WaPo Begins Charles Krauthammer’s Obituary By Blaming Him for the Iraq War
As many continue to mourn the loss of Charles Krauthammer, who was an amazing man by all accounts, the Washington Post has decided that they cannot be civil to people on the right even in death.
There has been an outpouring of beautiful and inspirational stories about Krauthammer online, as well as a massive list of accomplishments, that they could have chosen from to lead his obituary. Instead, the very first line blamed him for the Iraq War.
“Charles Krauthammer, a Pulitzer Prize-winning Washington Post columnist and intellectual provocateur who championed the muscular foreign policy of neoconservatism that helped lay the ideological groundwork for the 2003 U.S.-led invasion of Iraq, died June 21 at 68,” the obituary began.

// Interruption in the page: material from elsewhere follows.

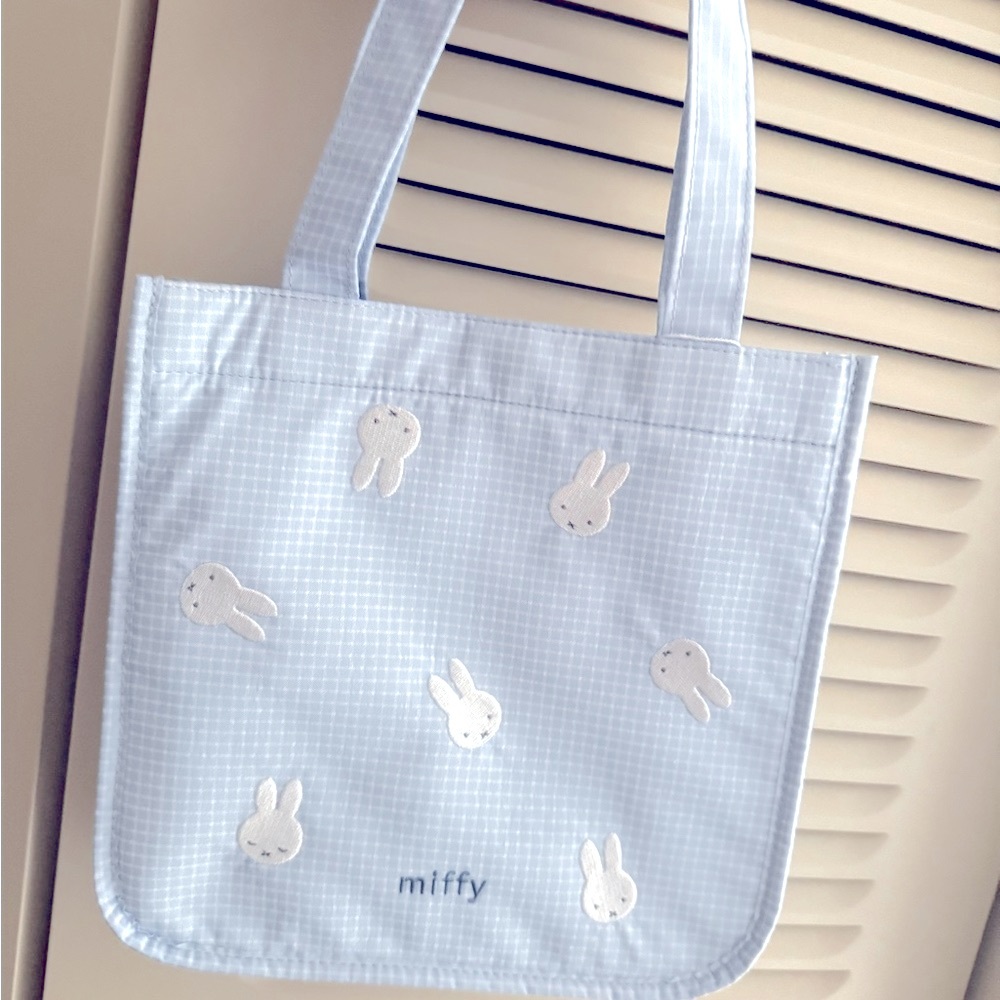 Rare Miffy Blue Checkered Tote Bag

As Red State first reported, an additional five paragraphs are dedicated to criticizing Krauthammer for being “foremost among pundits who took up [President George W. Bush’s] cause” to support the Iraq invasion, “[d]espite shaky evidence for the claim.”
“To the left, Dr. Krauthammer was a boogeyman, most notably on the matter of President George W. Bush’s ‘war on terror’ and the ultimately catastrophic efforts to democratize the Middle East,” the obituary reads.
It’s even worse when you look back at how they wrote about that murderous dictator Fidel Castro. https://t.co/2DZD3tqAa6
— Sarah Rumpf (@rumpfshaker) June 22, 2018
Krauthammer had championed the war believing that it would be extremely short-lived — which WaPo dragged him for.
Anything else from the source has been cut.